I had good days with it. I tried to solve some fights between multiple authors. I had strange things happen. Sparse once told me that he wrote something for Sports Illustrated, in which he talked about someone named Reginald Cauchois I think was the name – who had once deigned to use a live nymph. Mostly he was a dry fly fisherman. And Sports Illustrated, without checking, got pretty good checkers, they had run it, the copy editor said, what is an olive nymph, I’ve never heard of such a thing, and changed it to live nymph. And for fly fishermen, fishing with a live nymph is ten times worse. Sparse said it was the most libelous change of one letter in the history of the English language. And he never wrote for Sports Illustrated again. He was a man of great principle.

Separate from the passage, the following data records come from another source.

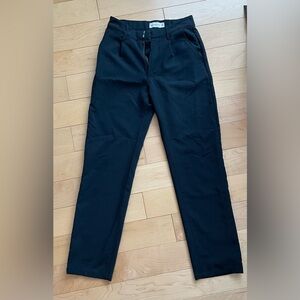 Abercrombie & Fitch black women’s trousers size XS - straight leg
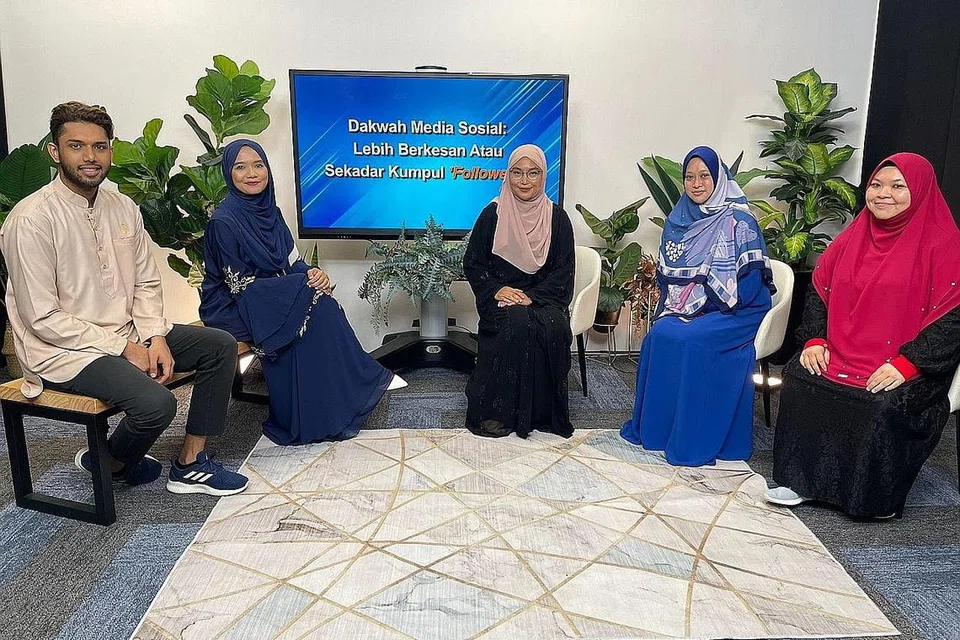 CABARAN ASATIZAH: Asatizah hari ini ada kalanya perlu menggunakan media sosial untuk tujuan dakwah tetapi perlu beradab. Inilah perkongsian tiga asatizah (dari kanan) Ustazah Hairani Ludin, Ustazah Wirdah Wahid dan Ustazah Liyanah Musfirah bersama hos (dari kiri) Hans Ashrie dan Shahida Sarhid. - Foto BH oleh DAHLIA ZULKIFLI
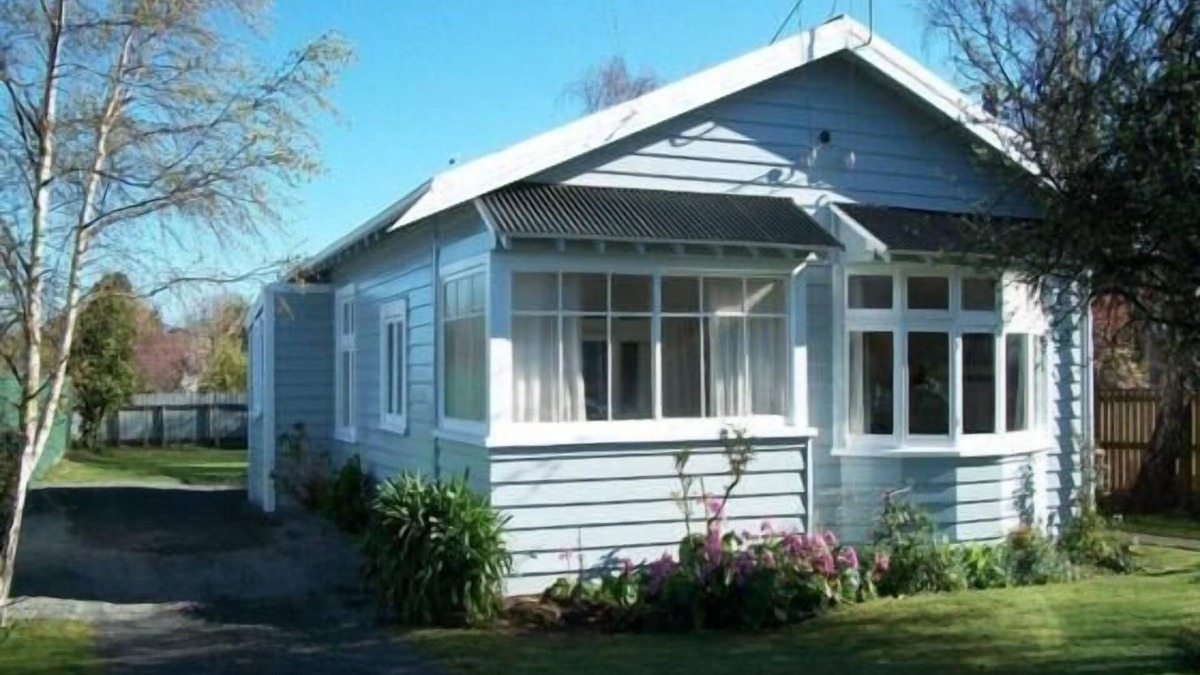 Martinborough House | Crab Apple Cottage 13 Broadway St, Martinborough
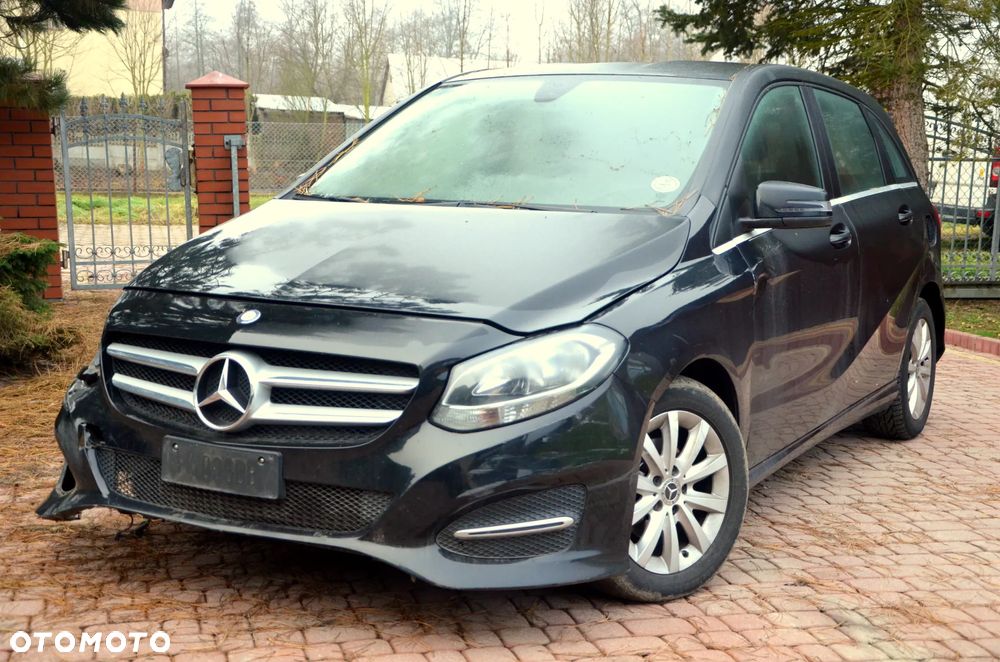 Mercedes-Benz Klasa B 180 d Edition - 1
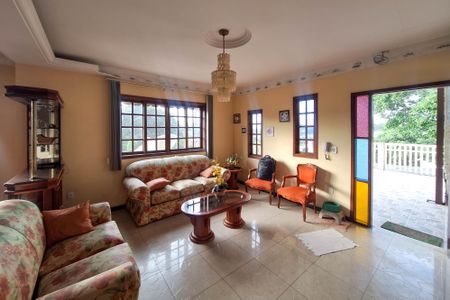 Casa à venda com 400m², 5 quartos e 3 vagas Casa à venda com 400m², 5 quartos e 3 vagasSala 1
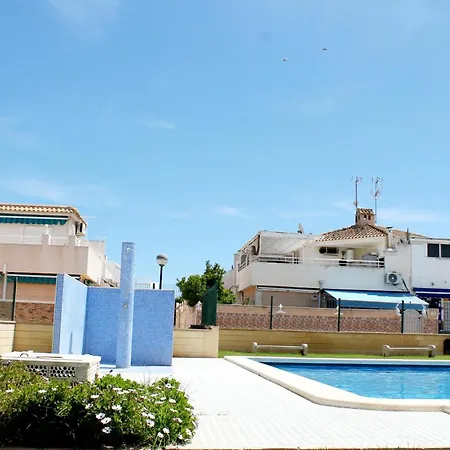 Elegant Just 7 Minutes From The Beaches Of 3* טורבייחה
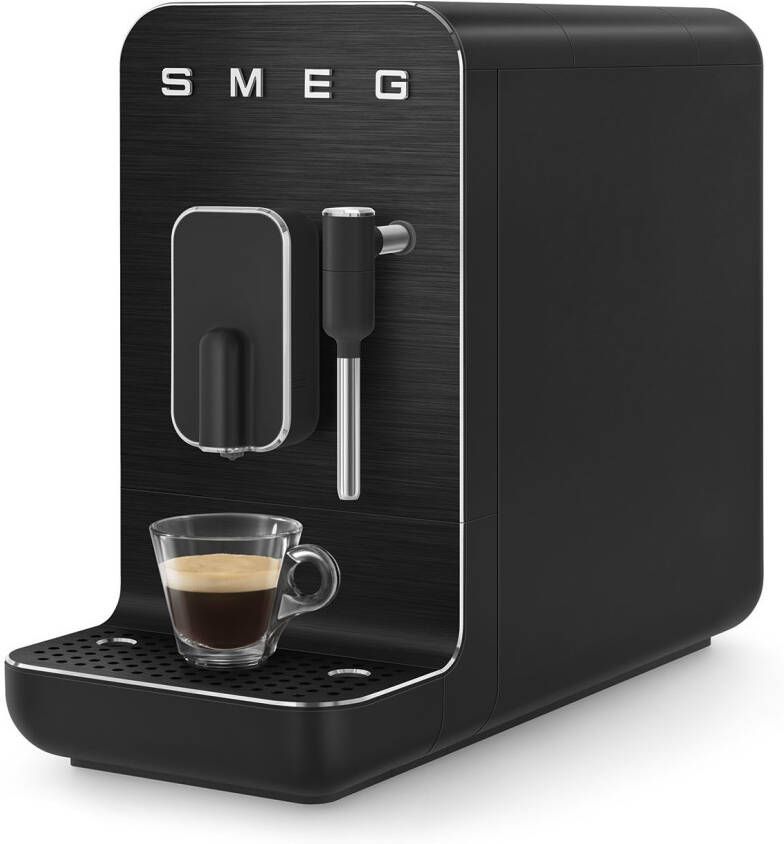 Smeg Espresso Zwart BCC02FBMEU | Espressomachines | Keuken&Koken Koffie&Ontbijt | 8017709322748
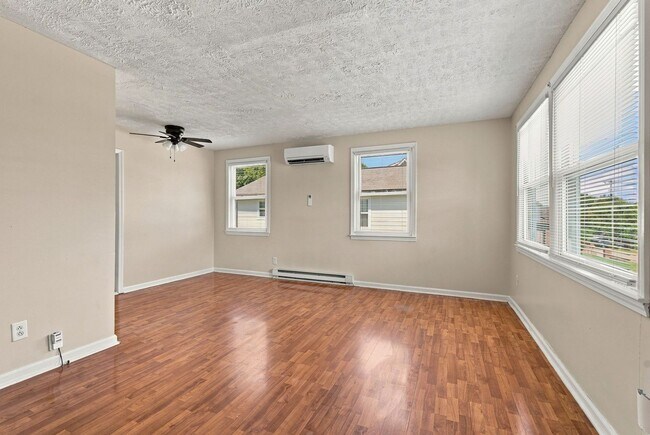 Building Photo - 909 42nd Ave N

I had some very pleasant, funny, interesting, great friendships that came from it. I had the pleasure of developing really a very, a list that I was very proud of. I had books that I missed, that I won’t tell you about today. But that happens also. And then I sold the business, and the people that took it over did not work well with some of the fly fishers, and they went to other places. That old list was dispersed. I think there’s very little of it left. Though there’s still a Lyons Press, that’s owned by a company in Maryland. At any rate, I’ve chatted on very fast, said everything I know about fishing, or that I can remember. There are lots of stories that I have in these various books. Is there any, have I gone on too long?
Beth: No, not at all.
Nick: Or too little. I can go on for hours. Now that I see that my memory works enough, to go back to my sixth year, I can go on for somewhat longer. I remember Ed Ostapczuk writing me a letter that I didn’t understand his Esopus well enough in those days, but I would take, you know, I’d race off from my four children in Woodstock, and my wife, leaving them alone with them, or the two babysitters, and the portal would be on. And I didn’t know how to get information on it. So I said I’d had an erratic relationship to it. I once dropped a good English bamboo rod by a man named Dennis Bailey, into the Esopus, coming out of it after dark. I always fished late. I had the rod tucked under my arm, must have, it must have fallen out. So I got to the bank, and there was no rod. And it was a little turbid then, a little chalky. I went back the next day and kicked around at that spot, it’s just upstream of the Emerson inn, where the railroad is now parked all the time, which I like to fish, and found the rod. Very generous to me that day. But I love the Esopus. There is one great story that some of you, most of you probably know, called In Praise of Trout- and Also Me, about, by Paul O’Neil, whose son now writes a lot, that’s distributed here, which is a wonderful, wonderful story. One of the best of the fishing stories, I think. Anything I can talk about that you’d like, you want to know? Are you all holding fishing stories that you want to publish?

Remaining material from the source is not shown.